Toni Yotzi is a phenom: a staple of both the festival and club circuit across Australia. Her sets traverse four decades of dance music with frenetic energy and zero compromise; from neon-hued italo and euro-disco to contemporary dancehall, trap, and up-to-the-minute club tracks from the boundless fount of domestic talent she’s ingratiated with across Australia. Having played at some of Australia’s best festivals (Inner Varnika, Strawberry Fields, Echo Flats, Pitch…), she also plays an integral role in putting together Camp Doogs, Western Australia’s premier festival.
She’s brought the same curatorial nous to coordinating a number of parties in Melbourne, as well as several radio shows. Having studied Radio at university, Yotzi felt a strong affinity with RTRFM, Perth’s legendary community radio station, eventually hosting Full Frequency and Disco Science. The creative freedom afforded by community radio is a natural fit for Yotzi’s free-wheeling sensibilities, and it’s something she’s continued in Melbourne – she’s a fixture on Skylab and community radio station-turned-restaurant Hope St Radio, having played the opening of their Collingwood space this year. She’s guested on NTS multiple times, as well The Lot Radio, Beats in Space, Noods, and a litany of other international stations. Her musical fervour has found her on both sides of the counter, working at the esteemed Skydiver Records, and seeking out local spots while touring internationally.
Her interview for Diggers Directory delves into that, as well as her formative experiences with high-fidelity audio and the importance of stylistic diversity. The accompanying mix underscores the latter point, sequencing psych, desert jazz, drum’n’bass, and crystalline jangle pop together in a way that just feels natural.
DJs and producers often mention their musical education came through their family’s record collection. Was this the case for you? Can you pick out any pivotal records from your upbringing that informed your musical journey?

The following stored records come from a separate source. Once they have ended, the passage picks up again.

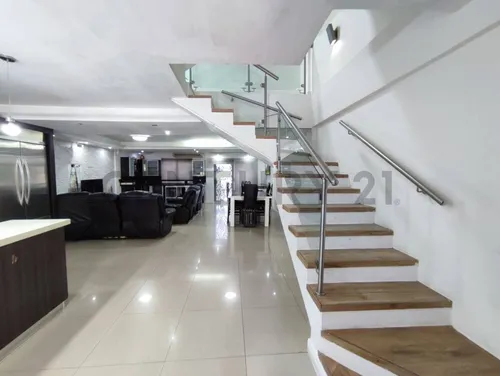 En Venta Casa Bote Sector A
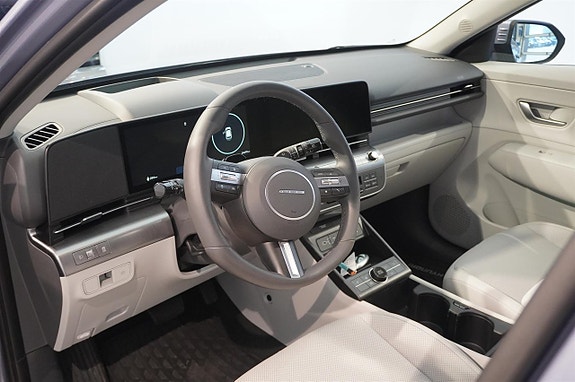 Hyundai Kona 2 of 5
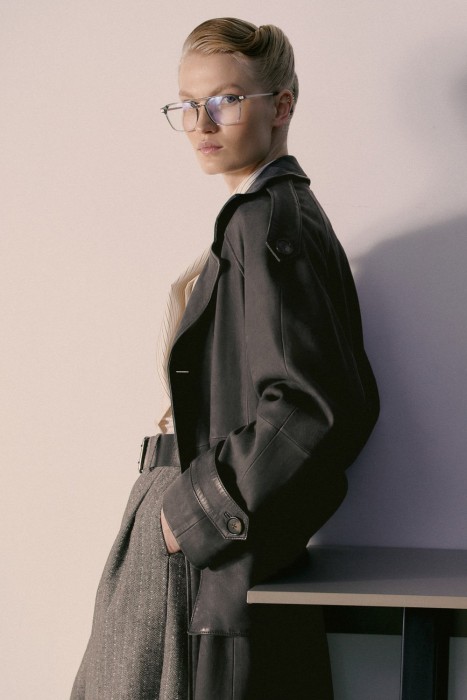 тренч из натуральной кожи по цене 21590 руб вид справа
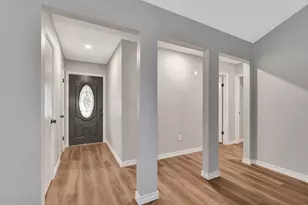106 N Woodstock Cir Dr, The Woodlands, TX 77381 - Photo 6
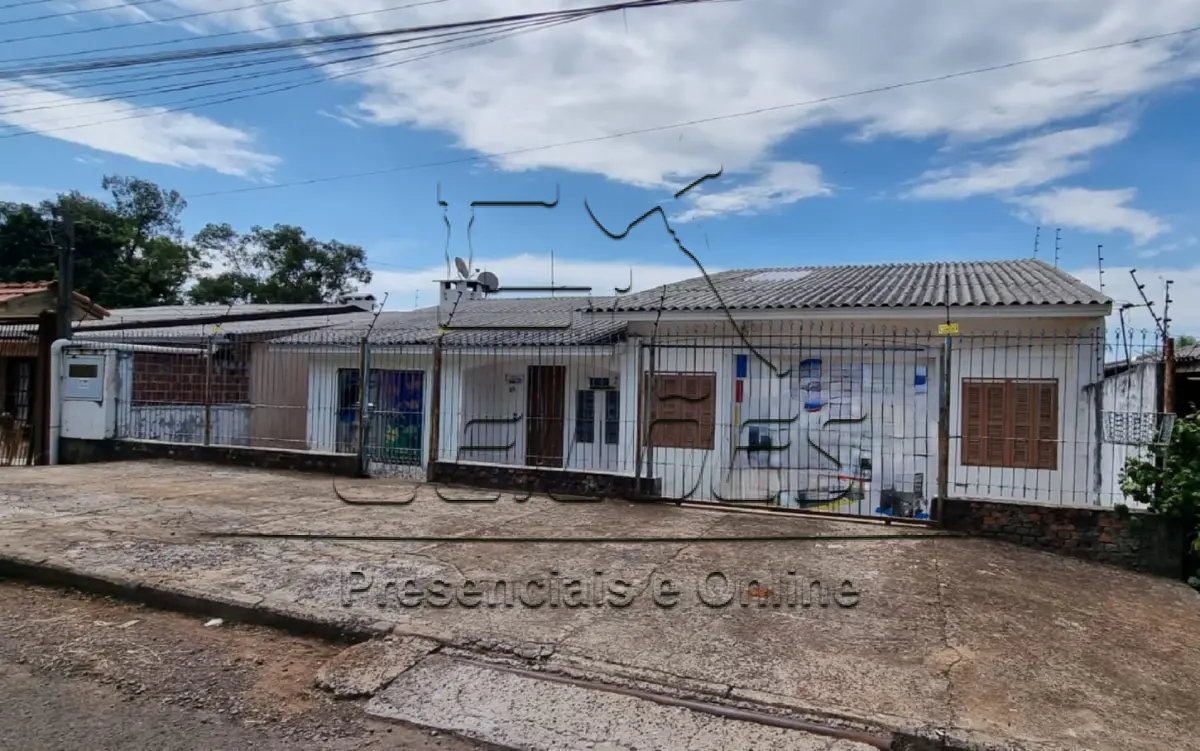 LOTE 01 - Direitos e ações sobre um terreno urbano com a área de 395,25m², situado na Rua Miguel Bueno, 88, Vila Floresta, nesta cidade de Carazinho, distante 18m da esquina com a Rua Caçapava, no setor 001, quadra 101, lote 002. Imóvel objeto da matrícula nº 6.885 do livro 2-RG do Ofício de Registro de Imóveis de Carazinho. Sobre o referido terreno há a construção de uma casa de alvenaria com a área de 58,38m, devidamente averbada na matrícula supracitada, conforme Av.4. Entretanto, conforme certificado nos autos pelo oficial de justiça (quando da avaliação), verificou-se que a construção existente possui área maior, ocupando quase a totalidade da área do terreno, cuja certidão emitida pelo Setor de Georreferenciamento do Município menciona uma diferença de 275,03m², totalizando, desta forma, a área construída de 333,41m². Esta construção a maior, eventual regularização no cartório imobiliário será de responsabilidade da(o) arrematante.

It wasn’t so much about particular records growing up but I owe so much to my Dad’s love of high quality sound, he always saved up for nice headphones and meticulously looked after his setup and records. He’s always been incredibly generous with making sure my brother and I had hifi systems in our room (surely regretting it when I’d max volume Chronic 2001 on repeat). When I was 10 or so I used to record mix tapes of my favourite club tracks like Da Hool – Meet Her at The Love Parade off the radio.
Maybe my earliest memory is Dad lying me on the living room floor with huge cans on my ears to properly trip out to Pink Floyd. But I think Mum’s UK upbringing on soul, reggae and rnb has permeated my core taste.
People buy records for a multiple of reasons. What first drew you to collecting records and what motivates you to continue digging after all these years?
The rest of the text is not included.